# There, I fixed it!



## carryyourbooks (Jan 13, 2010)

found these on friday. 

the first one feeds landscaping lights. they ran the cord about 100' just below the grass out to the tree. they buried this box so you could only see the top of it. for some odd reason, they covered the top of the box with aluminum duct tape.










then, this one later in the day. the exension cord went to a small fridge in the next room.


----------



## nolabama (Oct 3, 2007)

turds


----------



## chicken steve (Mar 22, 2011)

as well as turd herders

~CS~


----------



## kbsparky (Sep 20, 2007)

Was that standing water in the bottom of that PVC box? 

Jack-legged jobs like that can cause all sorts of problems with those taped up plugs retaining moisture instead of keeping it out ....


----------



## carryyourbooks (Jan 13, 2010)

^^^yup.


----------



## erics37 (May 7, 2009)

That's some real hack s**t in that PVC box.
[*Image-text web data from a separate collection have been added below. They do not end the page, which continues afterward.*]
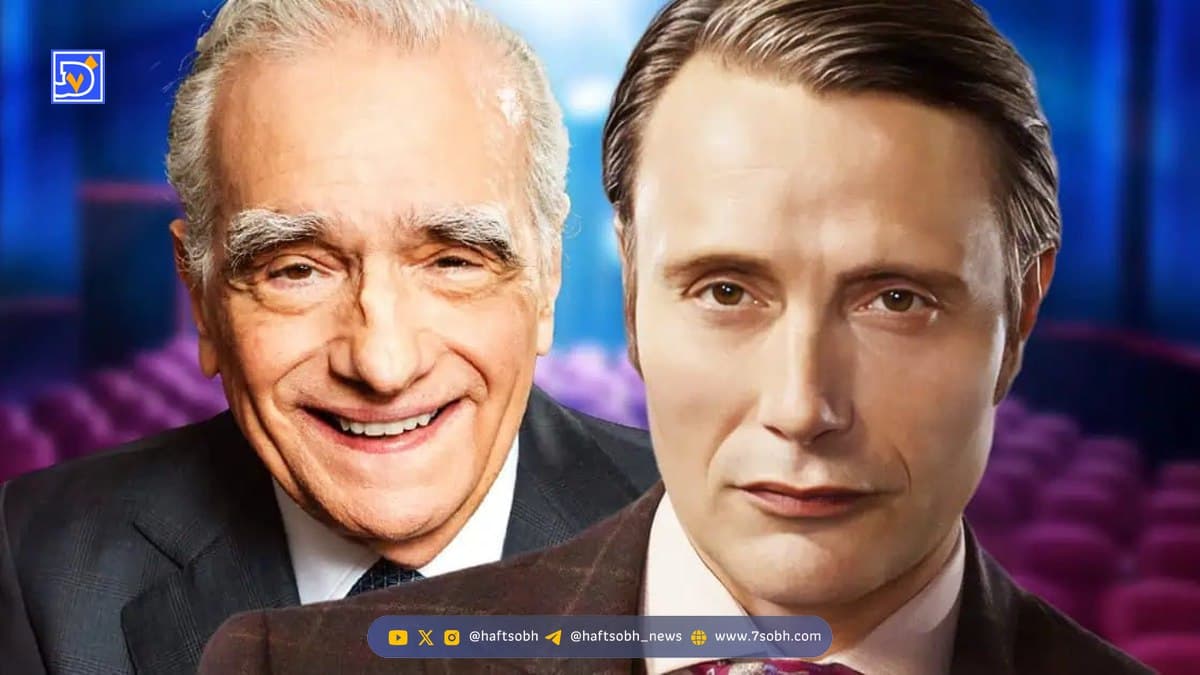 مس میکلسن به فیلم What Happens at Night پیوست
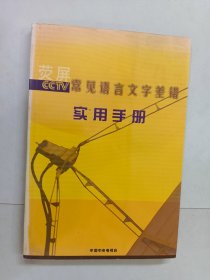 荧屏常见语言文字差错 实用手册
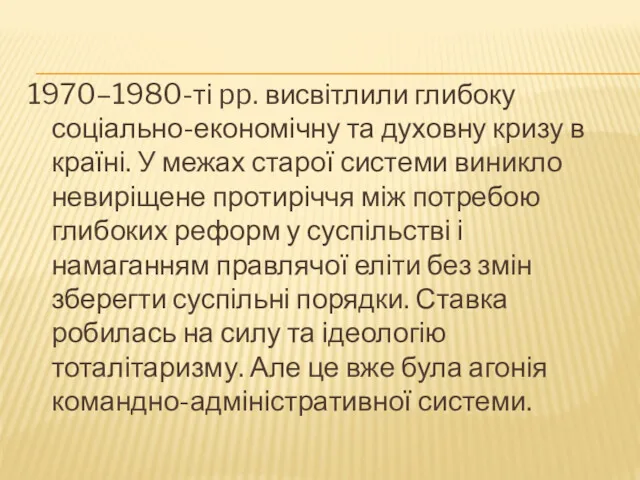 1970–1980-ті pp. висвітлили глибоку соціально-економічну та духовну кризу в країні.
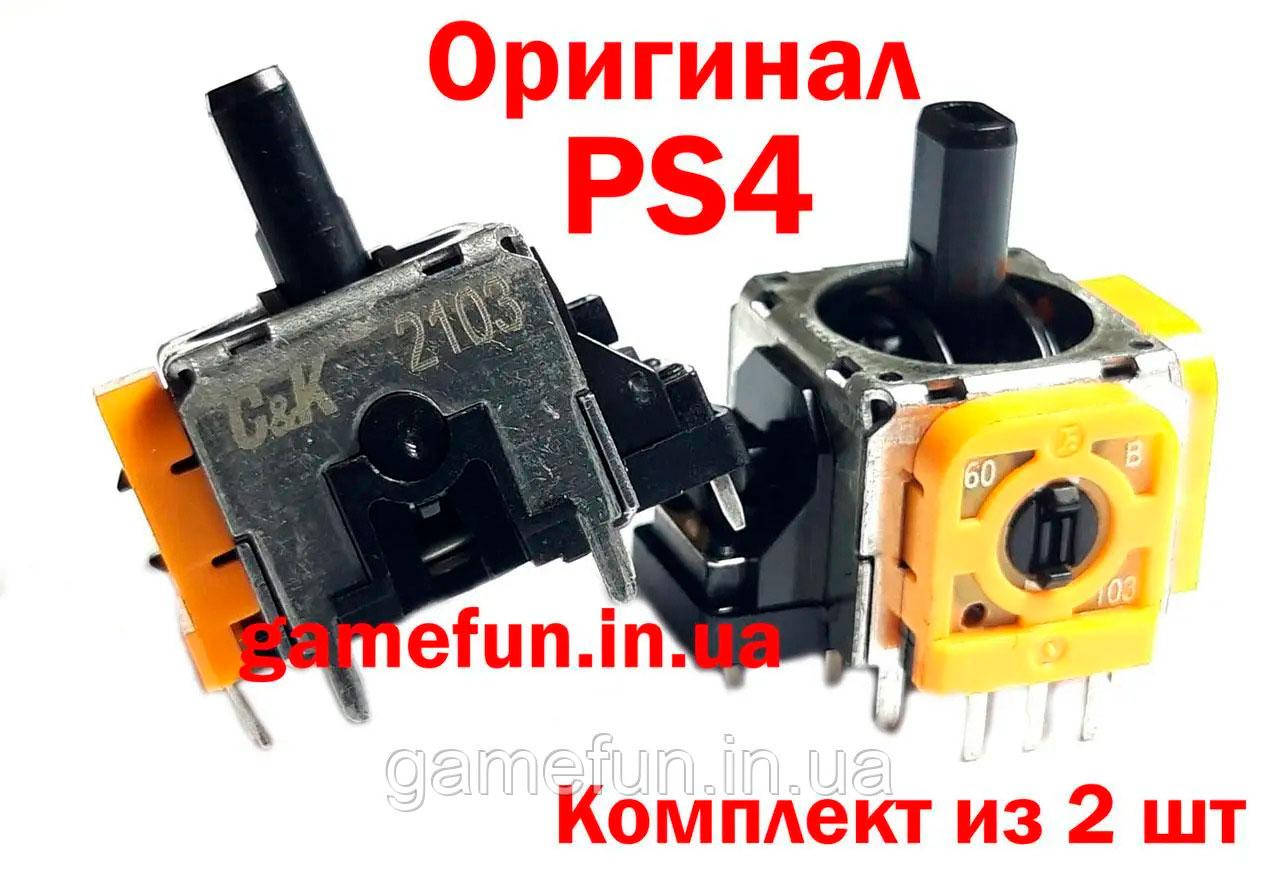 Механізм аналога 3D джойстика PS4 (3 pin) (Orange) Оригінал (2шт)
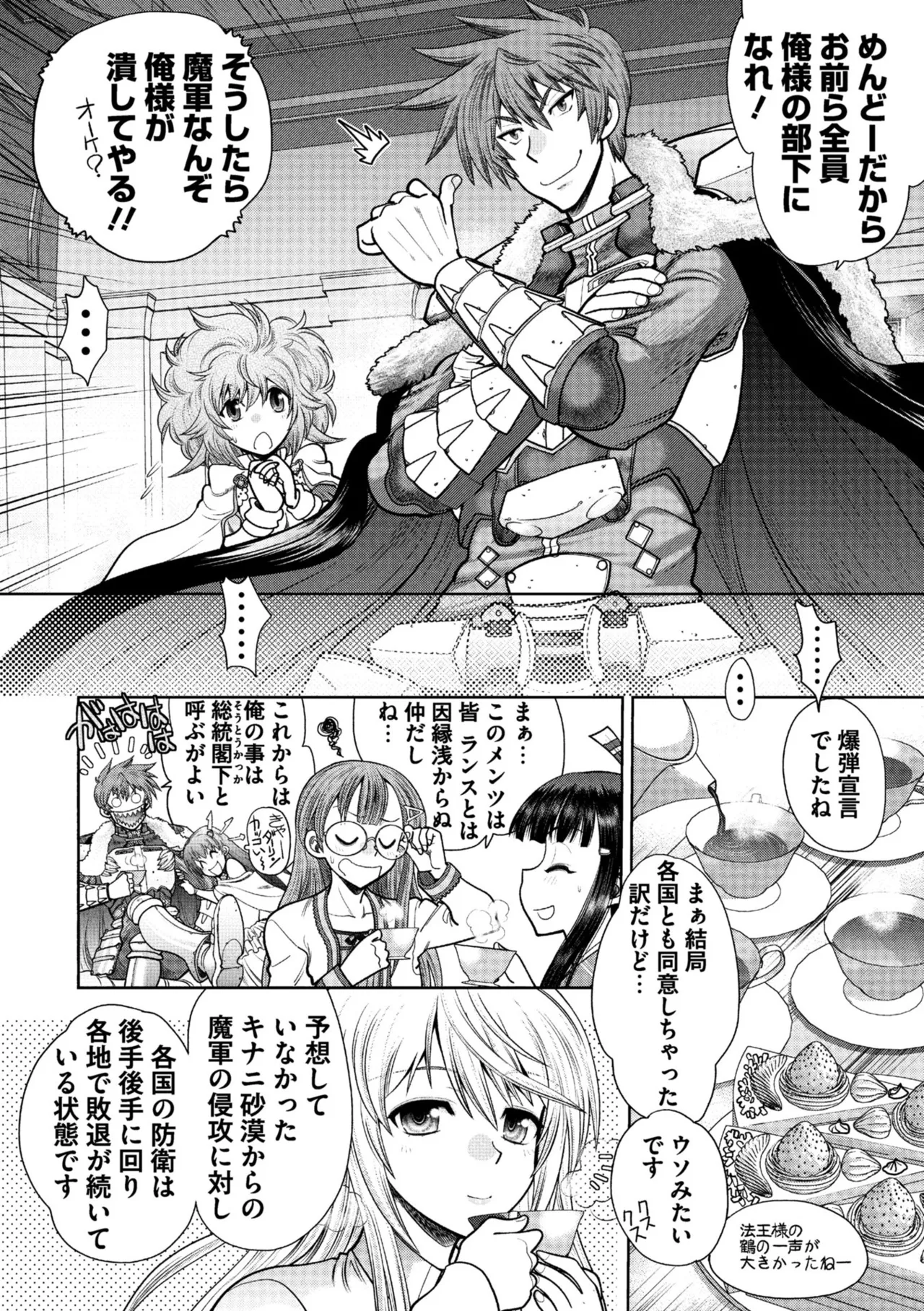 Rance 10 - Page 6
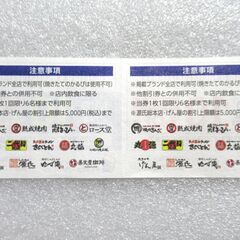 9月末、10月末各１枚★ 焼肉きんぐ ゆず庵等 割引券の画像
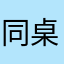 同桌的做贼心虚
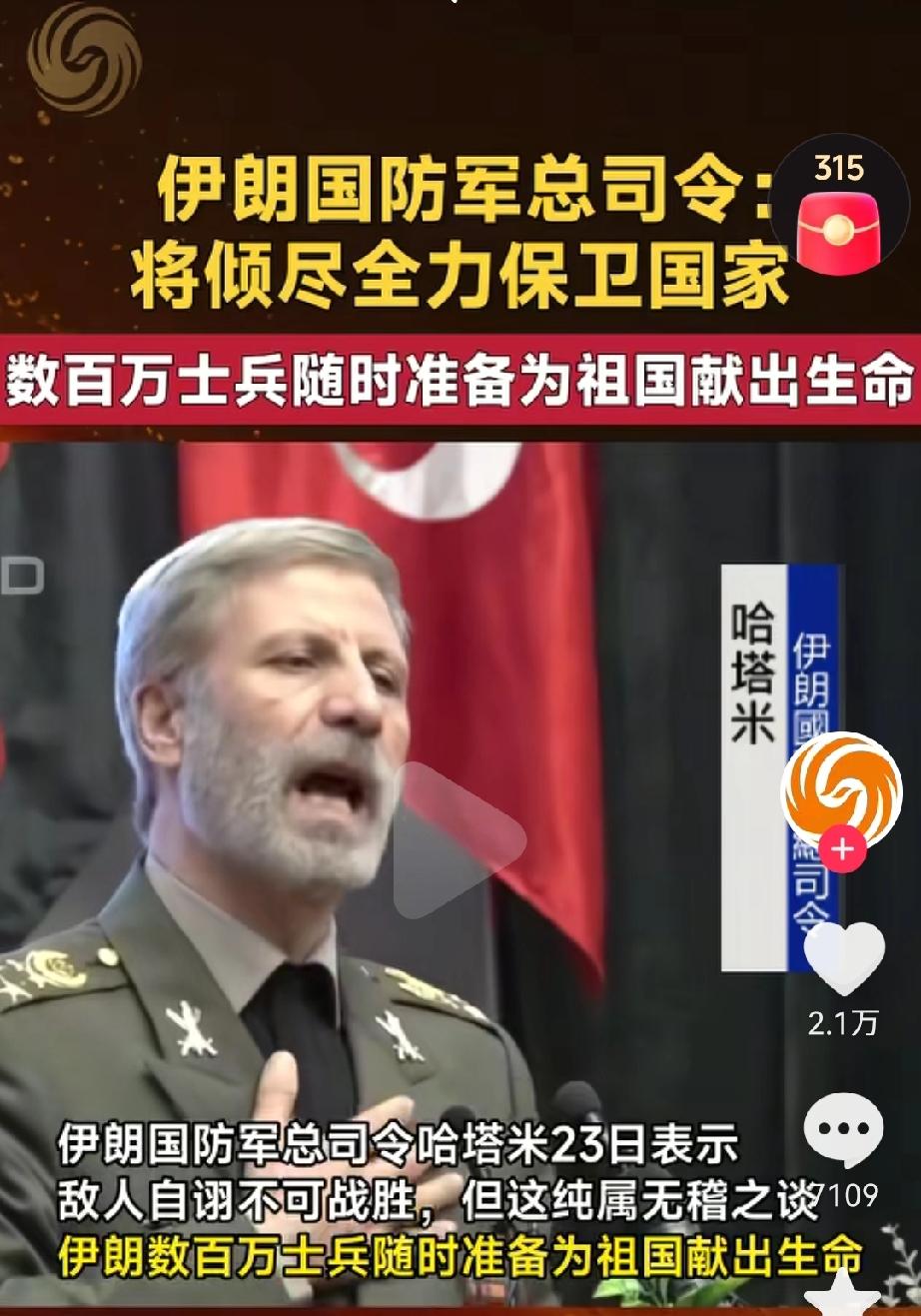 在俄乌战争已鏖战四周年，还没有结束的迹象之际，另一场美、以与伊朗的战争几乎一触即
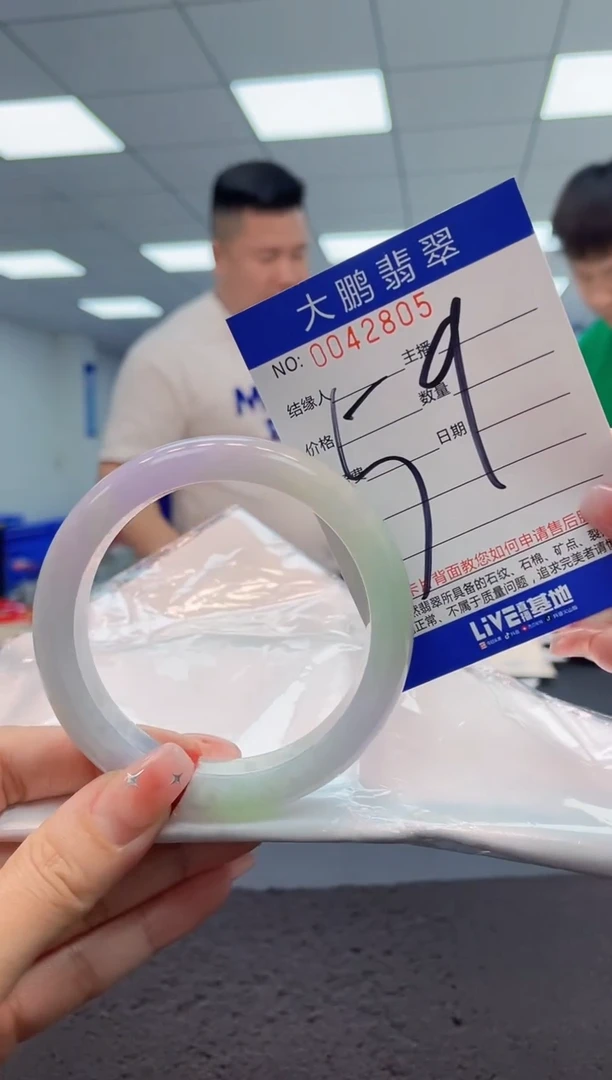 【闪购商品】翡翠手镯未镶嵌AAAAAAAAAA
What a joke.

They should've used one of these instead:










:jester:


----------



## user4818 (Jan 15, 2009)

They must have taken a cue from B4T.


----------



## HARRY304E (Sep 15, 2010)

Peter D said:


> They must have taken a cue from B4T.


:sleep1:


----------



## user4818 (Jan 15, 2009)

HARRY304E said:


> :sleep1:


:boat:


----------



## carryyourbooks (Jan 13, 2010)

you can't get too crazy with these HO"s. if the fella at HD said it can be done, then it is as good as gold. i had an HO the other day that wanted me to install a nice motion light on her nice home. she said the HD fella sold her some 14/2 uf cable and that's all she needed. she was in total shock when i told her the fixture needed a box and she just couldn't stab the wire into the outdoor receptacle.


----------



## TOOL_5150 (Aug 27, 2007)

There is so much to be said about that first picture. But I read that you get the banhammer when you poke fun at another member, so ill leave it at that. I dont see any scotchcoat though... :brows:


----------



## chicken steve (Mar 22, 2011)

the hacks are winning.....

~CS~


----------



## joedreamliner787 (Sep 27, 2011)

Looks like they have a DSC alarm system too. What crap work.


----------